"...I've written on scraps of paper, in hotels on hotel stationery, in automobiles. If it arrives you know...."
Like Morrison, I often write on scraps of paper. Printer paper, notebook paper, the backside of important documents if need be. I've also written on receipts, napkins, and my own hand. I recently scribbled a line on an envelope against the steering wheel as I drove (I do not recommend). A particularly fetching turn of phrase can arrive out of nowhere. Subliminally, even. But these gifts can also vanish just as quickly as they came, so it is best to jot them down. I try to keep them all in a little notebook but I don't always have it handy. I try to transfer from napkin to notebook later but I don't always remember, or sometimes I don't find the damn thing until later when I'm straightening up. Even for the things that are in that notebook of scattered thoughts, I did not create an index, so when I am looking for something I must flip through and skim the other contents until I find it. Most of the words in that notebook are unused, perhaps awaiting a summons for my magnum opus.
My natural inclination is not neatness. I think it is good to be orderly and organized, and it makes life easier. But it takes effort to resist my predisposition to disorder. This applies to many areas of my life, but also to my writing.

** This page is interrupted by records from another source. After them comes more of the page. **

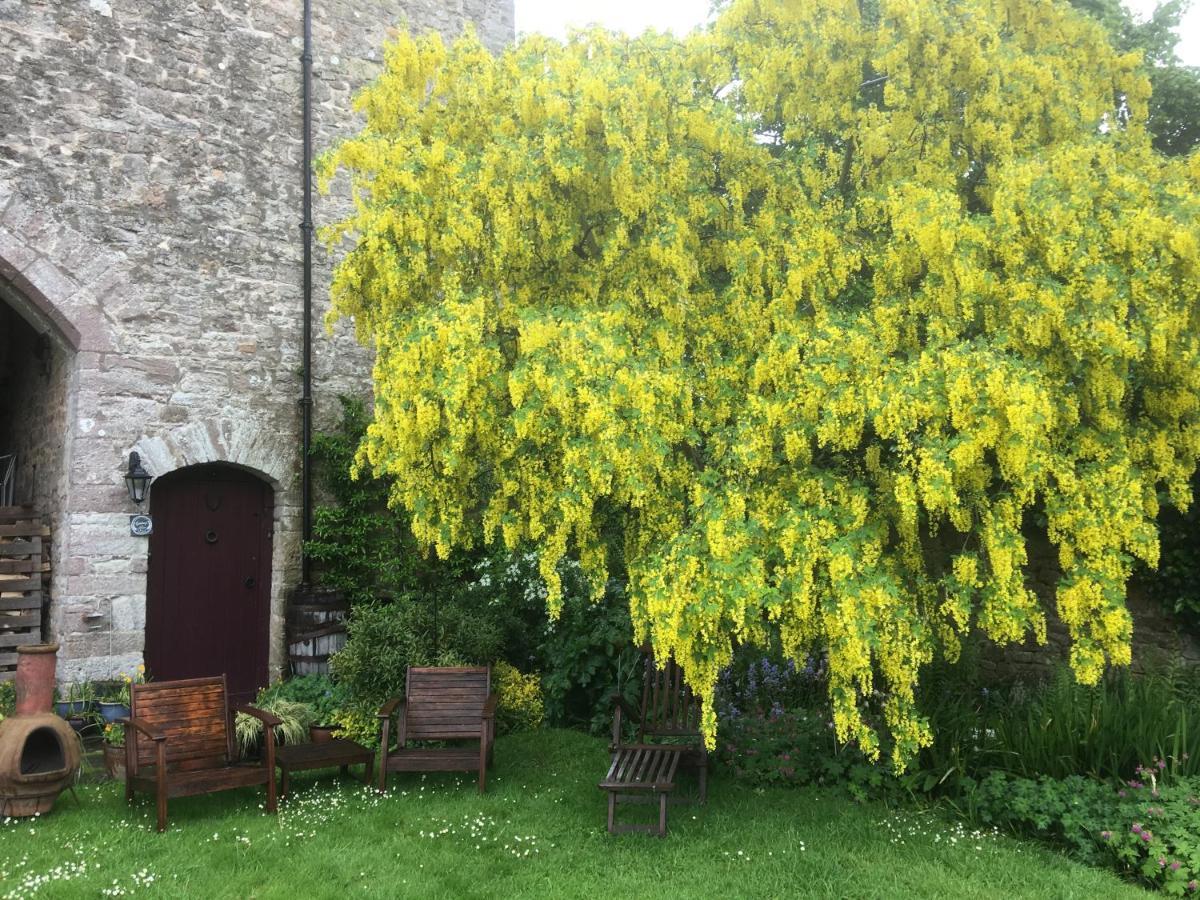Welsh Gatehouse, Historic Castle Which Can Cater For Electric Vehicle Mathern Esterno foto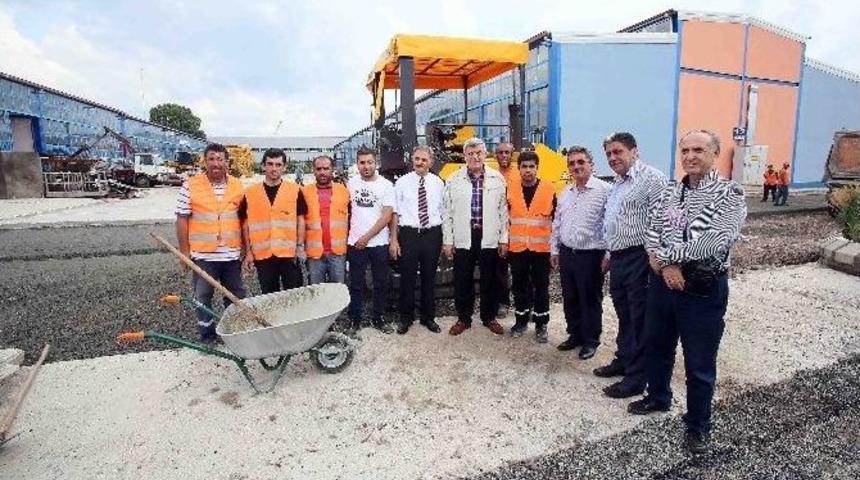 Başkan Karaosmanoğlu, &ldquo;&uuml;reten Her Zaman Onurlu Yaşamıştır&rsquo;&rsquo;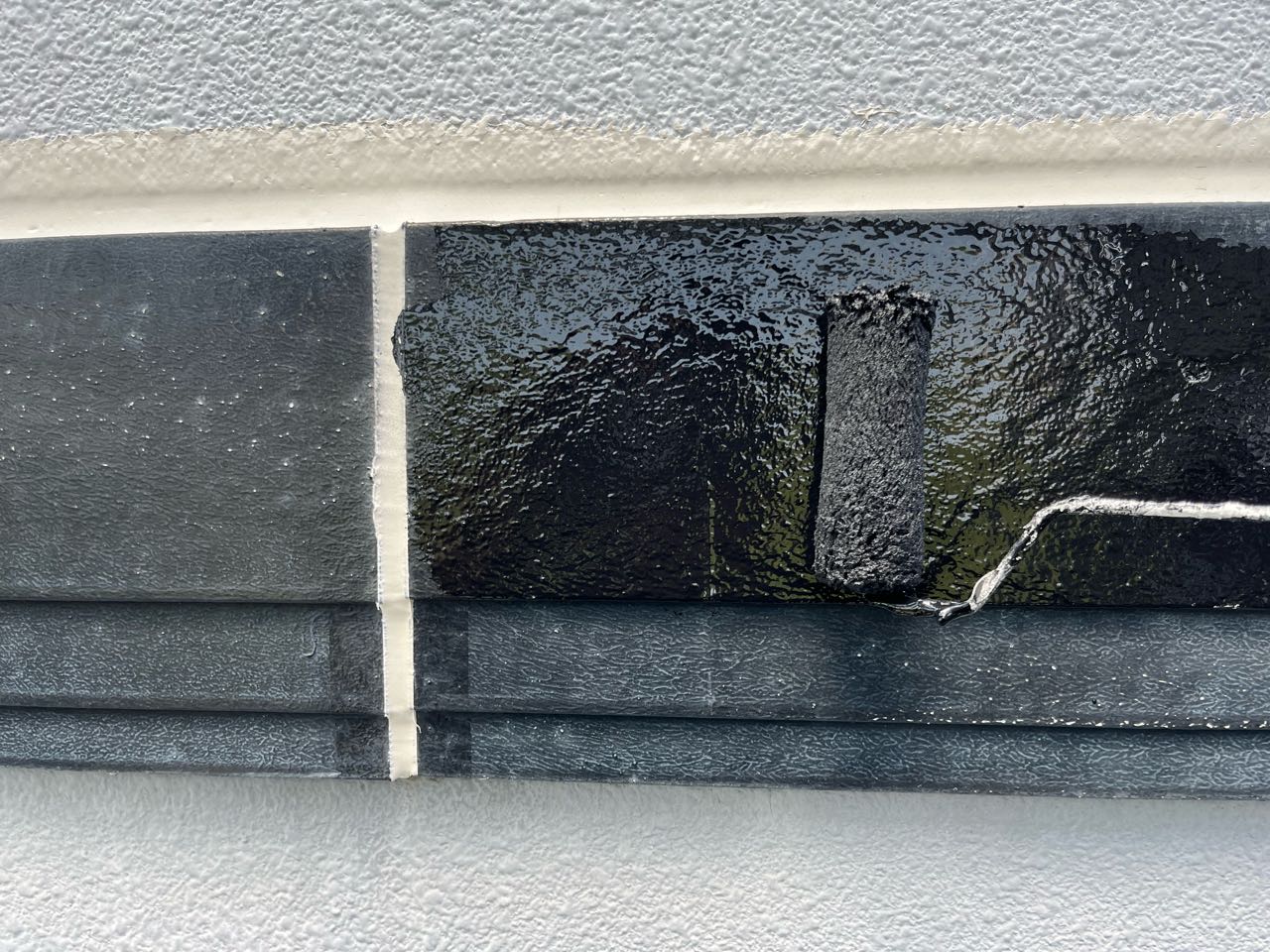 仕上げ塗装1回目です。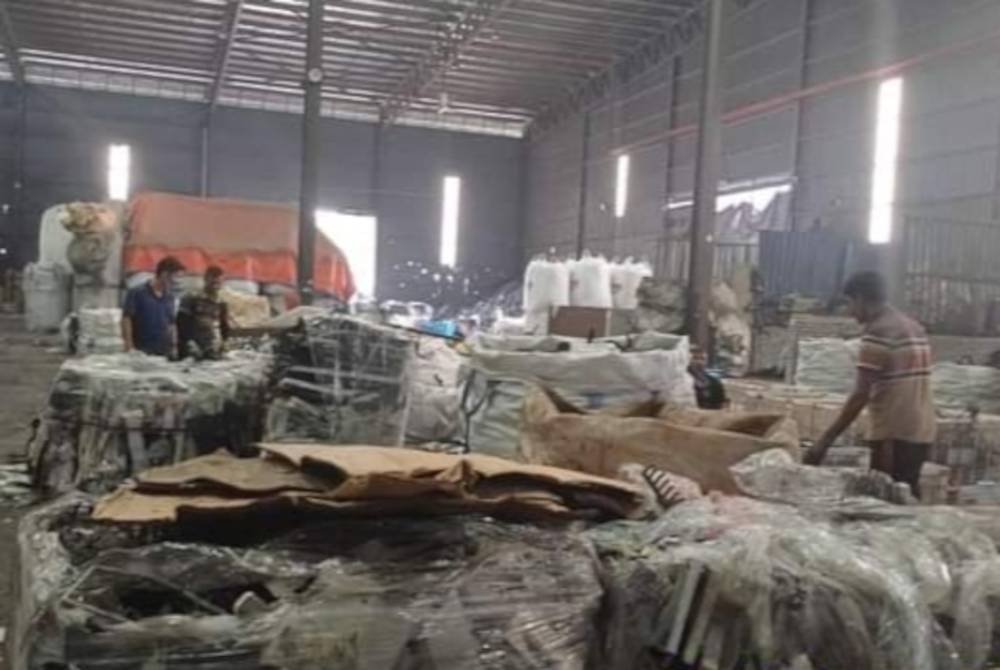 Kedua-dua premis perniagaan memiliki lesen industri yang sah.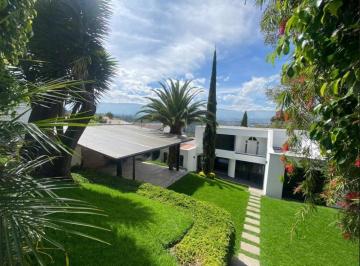 Casa · 786m² · 4 Habitaciones · 8 Estacionamientos · Casa de Lujo en Venta en Cumbayá – Pillagua | Quito, Ecuador
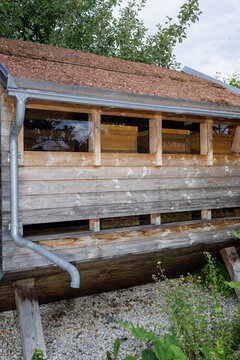 Wooden construction for wild bees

I also love the second part of that quote: "If it arrives you know" (emphasis hers). Artists of all types tend to know when a touch of inspiration has arrived, though its manifestation can serve different purposes. It could mark the beginning of something upon which you can build, or it can be the missing piece to something you were already working on. Rarer still (but something I marvel at) is when it is already a completed work of art, sufficient to remain on its own without need of coupling. Likewise, it can feel differently too. Sometimes it makes itself known in a whisper, or a gentle hand on your back. Other times it holds a megaphone, or seizes you by the collar to make sure you get the message. Either way, I'm grateful for them.
For the past few months, I've had them more and more. Every now and then I find myself excitedly pacing for a few minutes—something I never did before this year—as ideas and words and hopes swirl around in my head and heart. Short of that feeling of being deeply in love, I have never felt so alive.